__TASK GOAL__: The entries below contain a stretch that opens with the line containing "Advanced Industrial Control" and closes with the line containing "Two Piece Custom Champion"; set down that stretch exactly, both ends included, and nothing else.

(Short descriptive text snippets)
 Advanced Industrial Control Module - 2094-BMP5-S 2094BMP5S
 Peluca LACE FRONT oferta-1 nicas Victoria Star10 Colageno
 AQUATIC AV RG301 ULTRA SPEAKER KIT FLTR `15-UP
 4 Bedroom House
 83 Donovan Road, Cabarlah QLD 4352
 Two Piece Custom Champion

--

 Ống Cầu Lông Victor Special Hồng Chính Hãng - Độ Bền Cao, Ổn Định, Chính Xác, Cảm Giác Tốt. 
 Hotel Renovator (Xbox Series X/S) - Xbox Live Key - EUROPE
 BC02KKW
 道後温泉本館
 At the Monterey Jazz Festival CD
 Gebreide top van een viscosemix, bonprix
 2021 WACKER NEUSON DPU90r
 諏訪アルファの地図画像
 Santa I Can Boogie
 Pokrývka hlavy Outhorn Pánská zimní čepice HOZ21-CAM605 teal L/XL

__TASK SOLUTION__:
 Advanced Industrial Control Module - 2094-BMP5-S 2094BMP5S
 Peluca LACE FRONT oferta-1 nicas Victoria Star10 Colageno
 AQUATIC AV RG301 ULTRA SPEAKER KIT FLTR `15-UP
 4 Bedroom House
 83 Donovan Road, Cabarlah QLD 4352
 Two Piece Custom Champion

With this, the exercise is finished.